# Directions for this task:
Because the copy must hold no pictures, return the data below with all of its words intact.

# Data excerpt:

# # # # # # #

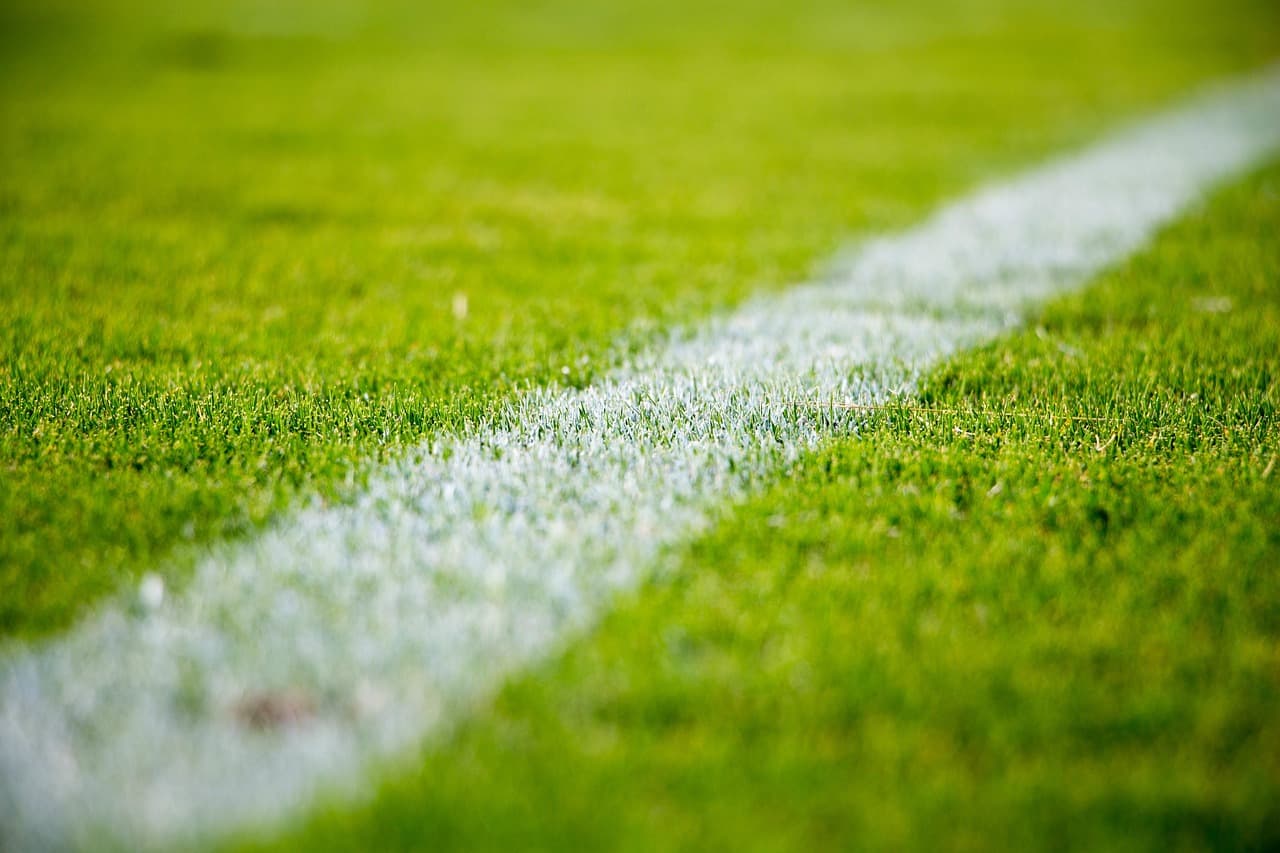 A futball láthatatlan főszereplője: nyolc évig tartott megtervezni a tökéletes világbajnoki gyepet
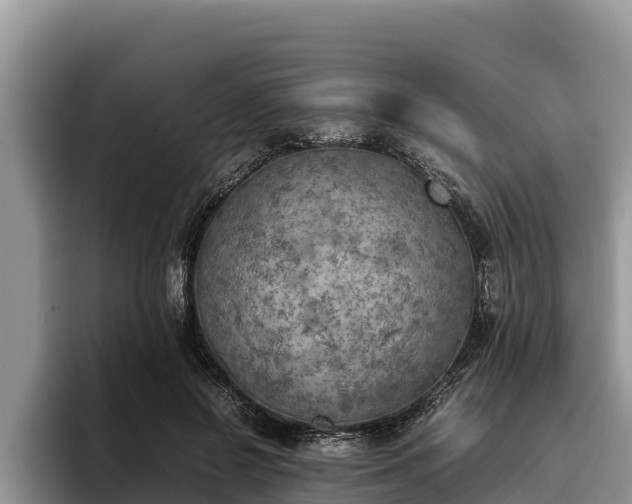 X0000095890550200801181228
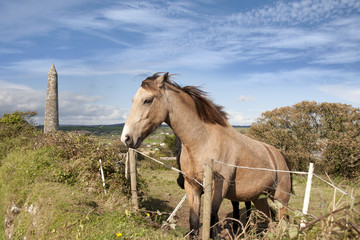 Irish horses and ancient round tower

# # # # # # #

# Written response:
 A futball láthatatlan főszereplője: nyolc évig tartott megtervezni a tökéletes világbajnoki gyepet
 X0000095890550200801181228
 Irish horses and ancient round tower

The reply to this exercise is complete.